4. Retainer, Fees and Expenses
Agreed terms relating to the Retainer, Fees, and Expenses (as defined below) are set out in Schedule 1.
5. Key Personnel
The principal contacts for the NBU at AlixPartners shall be Alastair Beveridge, Managing Director and Alfredo Bello, Director. Mr. Beveridge and Mr. Bello will draw on other AlixPartners personnel as is appropriate, and after conferring with the NBU (the “Key Personnel”).
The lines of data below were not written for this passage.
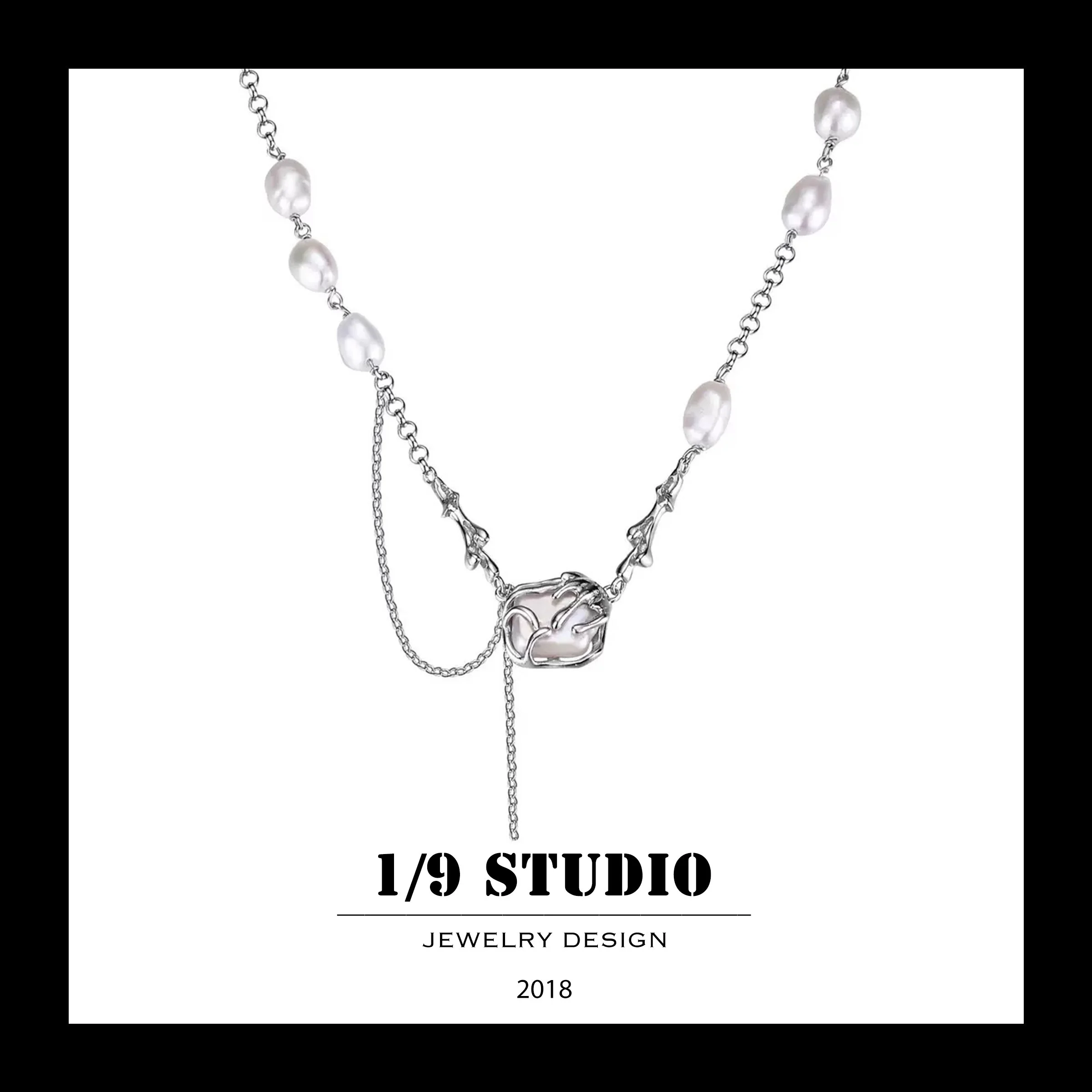 Freshwater Pearl Linked Fragment 925 Sterling Silver Adjustable Necklace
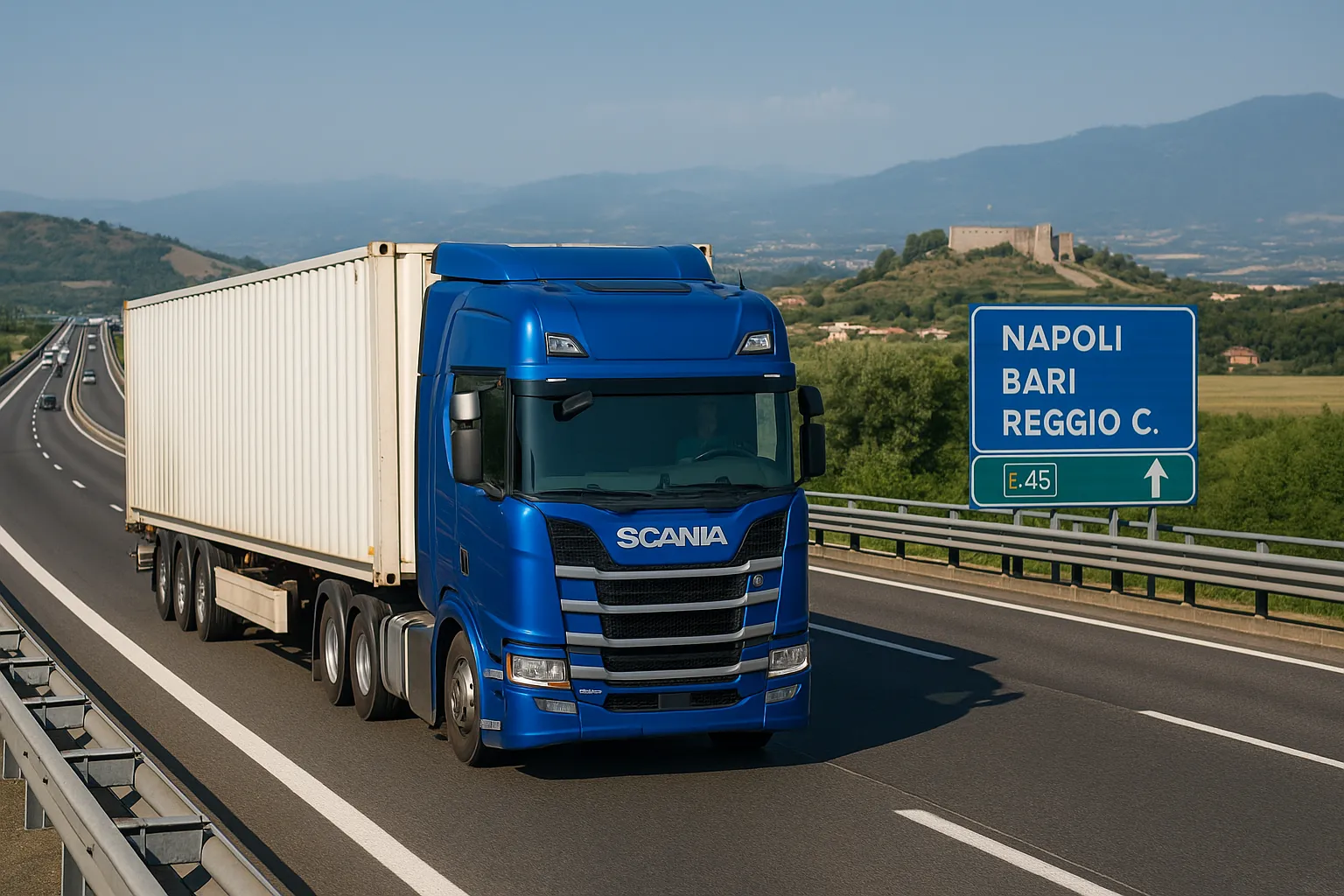 Nowoczesny transport ciężarowy Scania S-series z naczepą na autostradzie we Włoszech, symbolizujący usługi transportowe Polska-Włochy i przewóz towarów do Włoch. W tle drogowskaz na Neapol, Bari, Reggio C. i autostradę E-45.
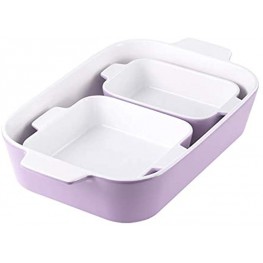 Ceramic Baking Dish HAPPY KITCHEN Ceramic Bakeware Set of 3 Piece 13 x 9 inch Ceramic Rectangular Baking Dish Lasagna Pans for Oven Microwave Cooking Casserole Dish and Daily Use Blueviolet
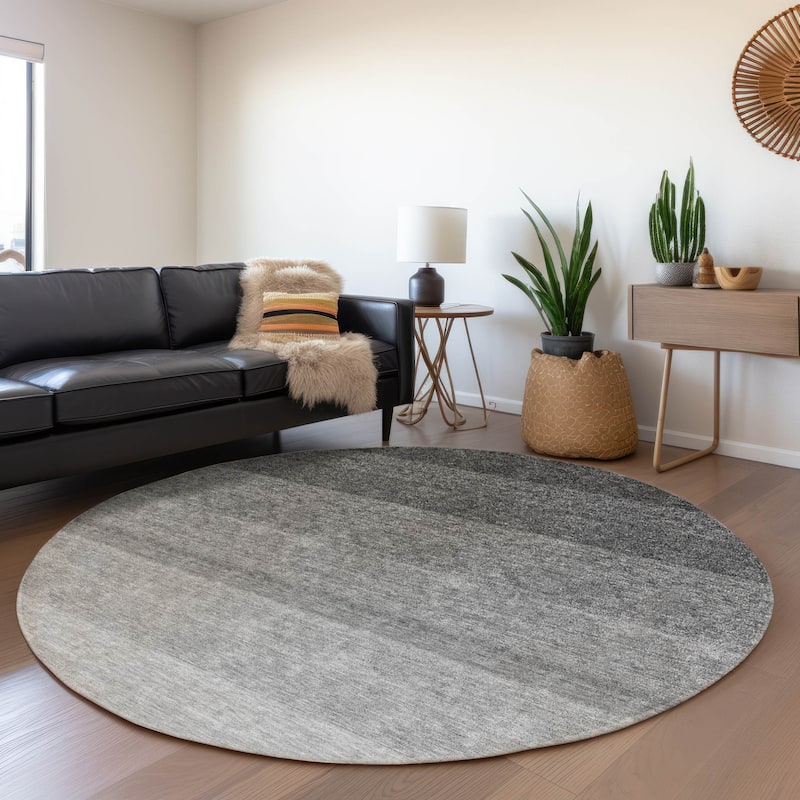 Premium Washable Super Soft Ombre Mod Mayfield Rug - Black - 8' x 8'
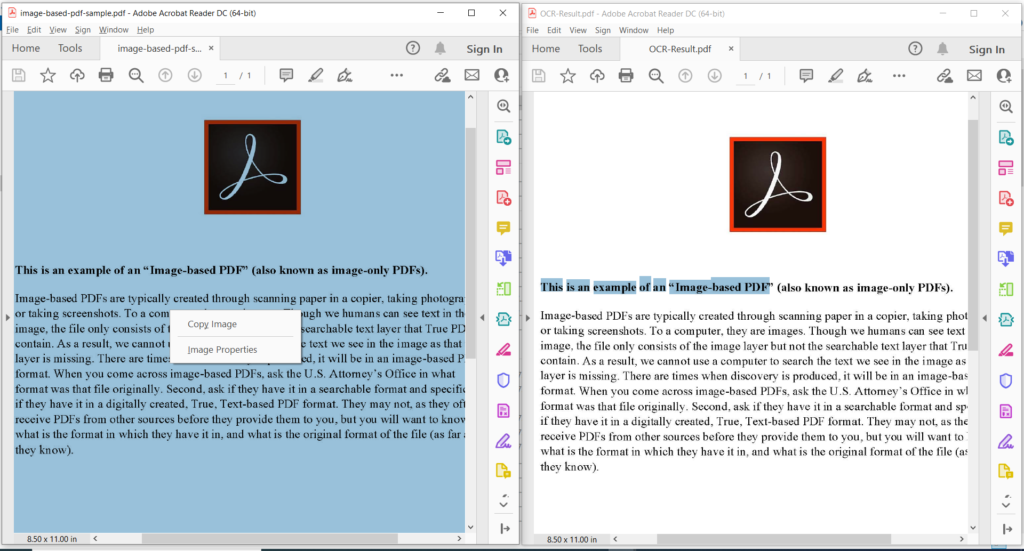 PDF OCR preview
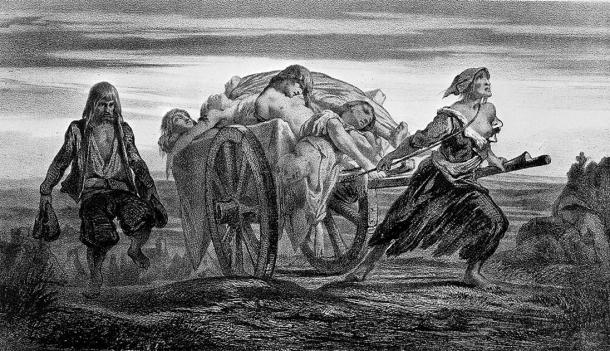 Moynet lithograph of a truck loaded with plague victims. (Wellcome Images / CC BY 4.0)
AlixPartners shall be entitled to substitute or replace any of the Key Personnel throughout the Term (as defined below) after consulting with the NBU. In addition, AlixPartners and its affiliates have relationships with, and may periodically use, independent contractors with specialised skills and abilities to assist in this engagement.
References in this Agreement to “personnel” shall include directors, officers, employees, agents, contractors and sub-contractors of either Party that are, directly or indirectly, involved in the performance, compliance and/ or discharge of any obligations or duties of that Party under or in relation to this Agreement. AlixPartners shall be responsible for involvement of critically necessary personnel for provision of Services hereunder, as well as for the maintenance of banking secrecy in relation of information provided by the NBU to AlixPartners, as may be necessary for provision of Services hereunder, by such involved personnel.
6. Term and Termination
The Agreement shall be deemed to have commenced on the Commencement Date and shall continue in full force and effect until terminated in accordance with the Agreement (the “Term”).
Either Party may terminate the Agreement at any time by giving not less than 30 days written notice to the other Party.
In the event that AlixPartners believes at any time, acting reasonably and in good faith, that the continuation of the Agreement and/ or the continued performance of the Services: (i) risks, or is likely to risk, the personal safety of any AlixPartners personnel, including without limitation, the Advisors; and/ or (ii) damages, or is likely to damage, the reputation or goodwill of AlixPartners or any of its affiliates (as defined in clause 3.1 of the General Terms and Conditions), AlixPartners may terminate this Agreement with immediate effect by serving notice to that effect to NBU.